Mitsotakis noted that “Europe and Greece were tested by mistaken decisions that came back to turn against them, disguised as populism and demagogy.”
“And you yourself admitted that you asked a lot of the Greeks,” he said, adding that “fortunately neither cheap austerity nor the cheap nationalist slogans endured. EU solidarity and true patriotism were ultimately victorious.”
“Merkel was the voice of reason and stability. At times unfair, but decisive, as in 2015, when she refused to see Greece expelled from Europe,” Mitsotakis added.
For her part, Merkel said that “anyone who knows about culture and civilisation cannot leave out Athens and Greece,” underlining that her farewell visit as outgoing chancellor would not be her last visit to the country.
“German-Greek relations were quite lively, I would say. The difficulties were a given when it came to the stability of the euro and I was personally fully aware of the excessive burden that this meant and the challenge that this meant for the people in Greece.

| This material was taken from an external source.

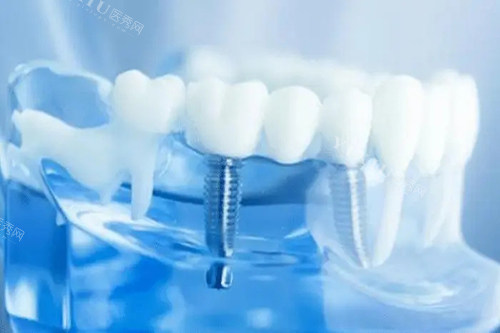 兰州皓亚口腔内部环境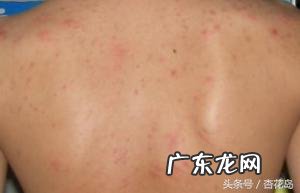 为什么后背会长小疙瘩、痘痘？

In the end, we managed to find a common path, to keep in step for Greece to remain a member of the EU,” she said.
Asked about her stance toward Greece during the debt crisis, Merkel noted that the euro’s vulnerability to outside pressures had been a “shock” and that this had the greatest impact on countries with high debt “that had not done all that they should on the level of reforms”.
“I was always in favour of Greece remaining in the eurozone and I said that the efficiency of our economic system must be comparable otherwise we would not be able to keep the common currency alive. I know that I demanded a lot from the Greeks but, on the other hand, there were various governments in Greece that considered many reforms possible,” she said.
Turning to Greece’s relations with Turkey, Mitsotakis told Merkel. “I know your firm position in favour of dialogue and the easing of tensions.”
“I have also always strived to keep channels of communication open but Western equanimity often serves to encourage Turkish arbitrariness. It is time for European principles to be transformed into European practice,” Mitsotakis underlined, adding: “Greece only wants friends. It wants good relations, of course, with its neighbours, guided by international law and the law of the sea. But it does not tolerate threats. My position is crystal clear.”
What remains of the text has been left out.